In calmer times, that can sound like back-office plumbing. In a crisis, plumbing becomes strategy.
Recent policy responses underline how quickly the economic strain is spreading. Reuters reported that the Philippines introduced a four-day work week to conserve energy, while Vietnam encouraged working from home to reduce fuel use as imported energy costs surged. These are the kinds of second-order effects that show how a Gulf conflict can ripple into productivity, transport and growth far beyond the Middle East.

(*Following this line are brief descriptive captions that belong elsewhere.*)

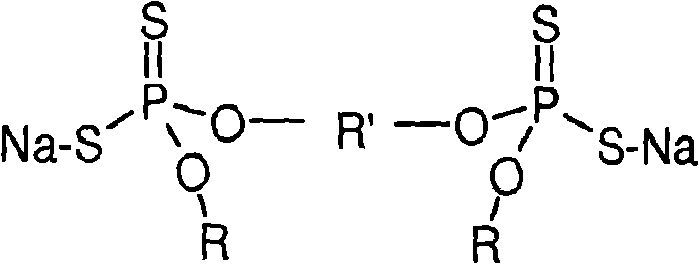 Dithiophosphate composition and utility in rubber
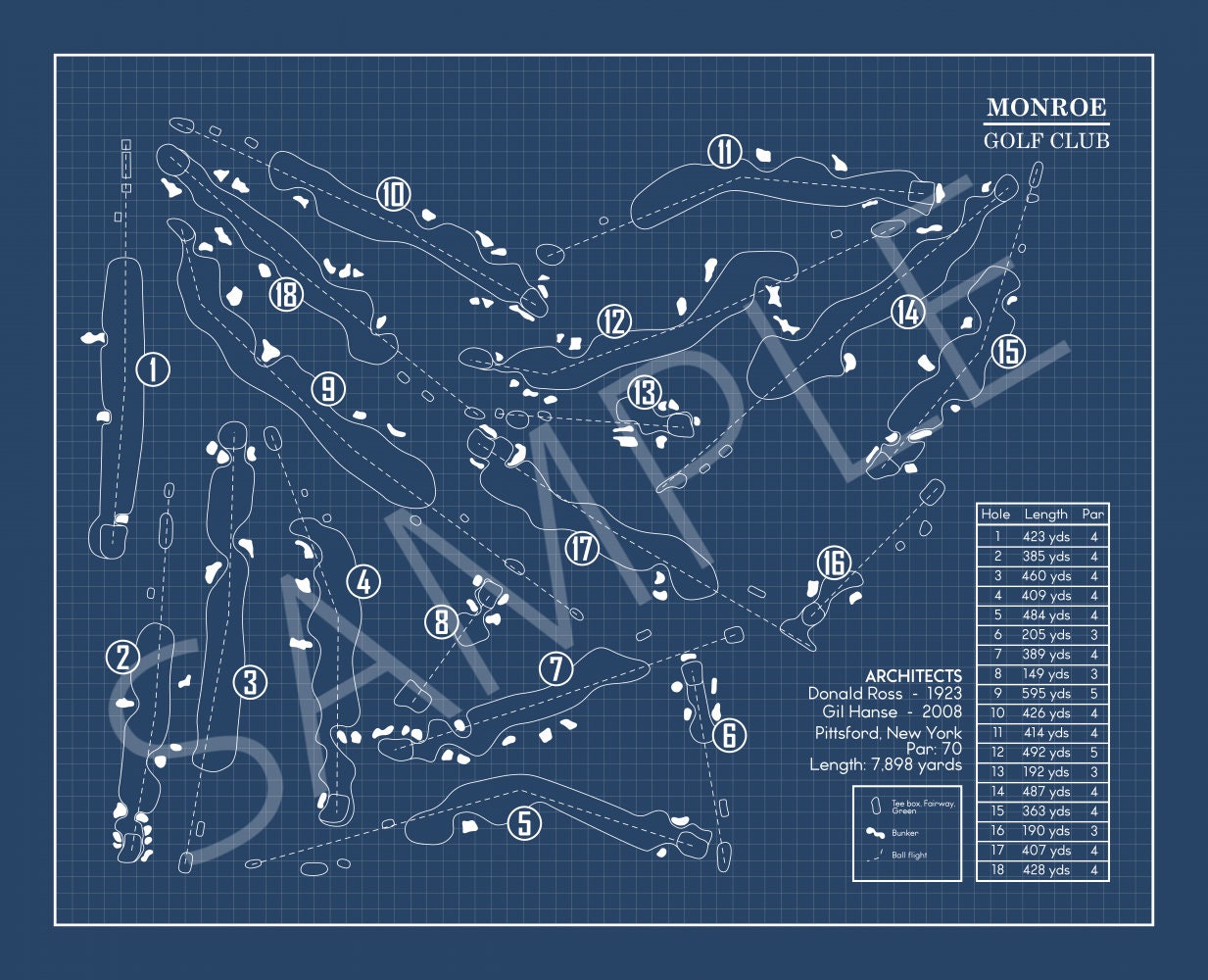 Monroe Golf Club Blueprint (Print)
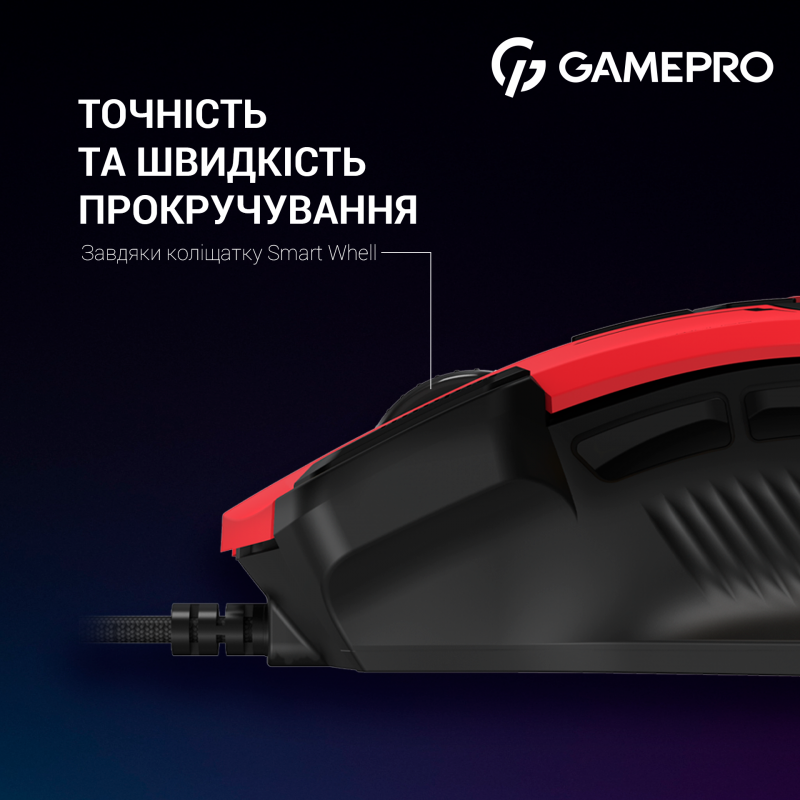 Миша GamePro GM300R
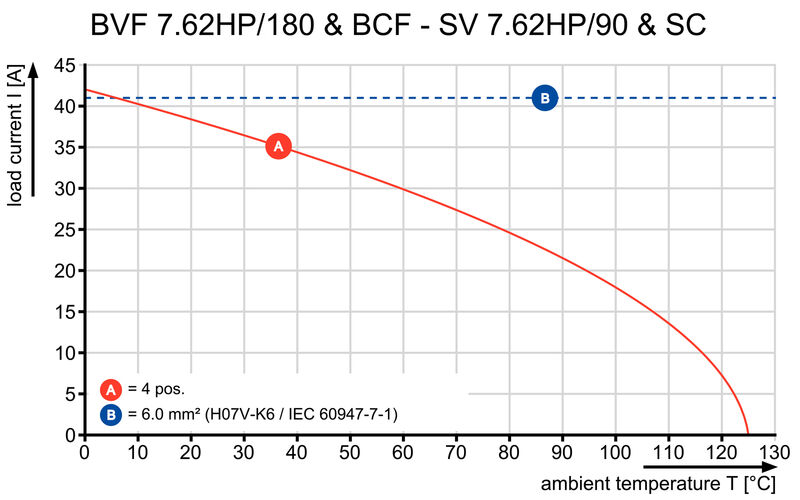 BVF 7.62HP/05/180 BCF/04R SN BK BX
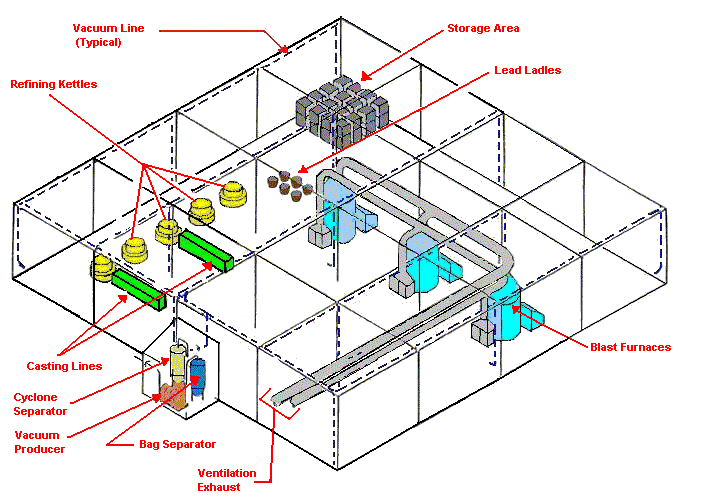 Diagram of a typical central vacuum system highlighting each feature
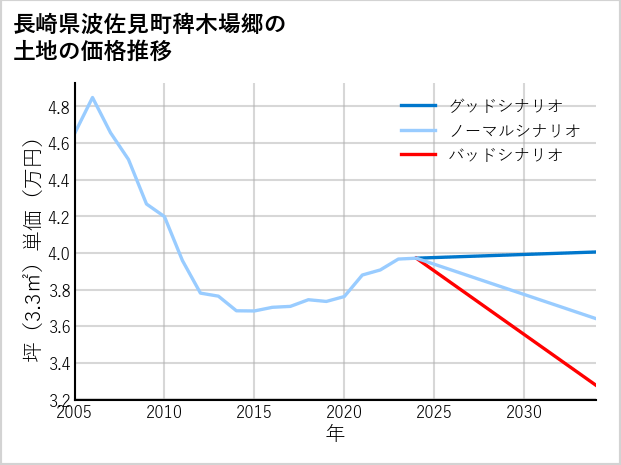 長崎県波佐見町稗木場郷の土地価格推移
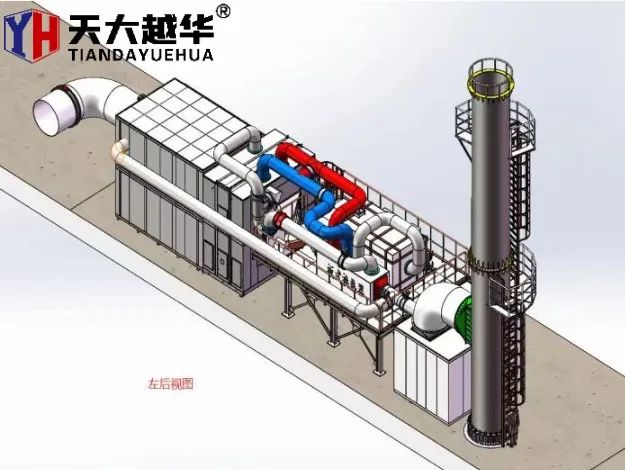 Як поводитися з промисловими газами?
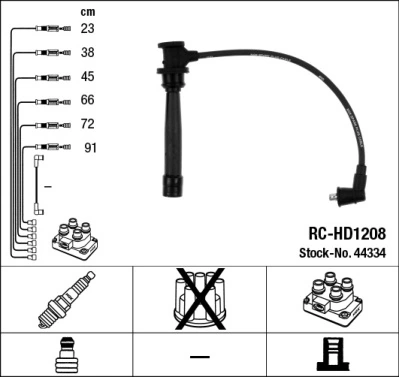 Ignition Cable Kit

The strategic point is straightforward. Many countries still rely on slow, heavily intermediated and dollar-centric correspondent banking networks to settle critical trade flows. In stable conditions, that is inefficient. In volatile conditions, it is a liability. Delayed settlement, trapped liquidity and operational friction do not just annoy treasury teams; they can intensify real economic stress when countries are trying to secure vital imports under pressure.
mBridge points to a different model: one where value can move across borders with fewer handoffs, greater transparency and less friction. It is not a cure-all, and it remains a controlled wholesale project rather than a full commercial reality. But the current Gulf crisis is making the strategic rationale for this kind of infrastructure much clearer.
For central banks, regulators and trade-dependent economies, the lesson is becoming hard to ignore. Energy security and payment security could become the same discussion.
The old system treated payments as invisible infrastructure. The new era is exposing them as a source of resilience, leverage and risk. When trade routes wobble, payment rails stop being a technical footnote and become more of a national strategy.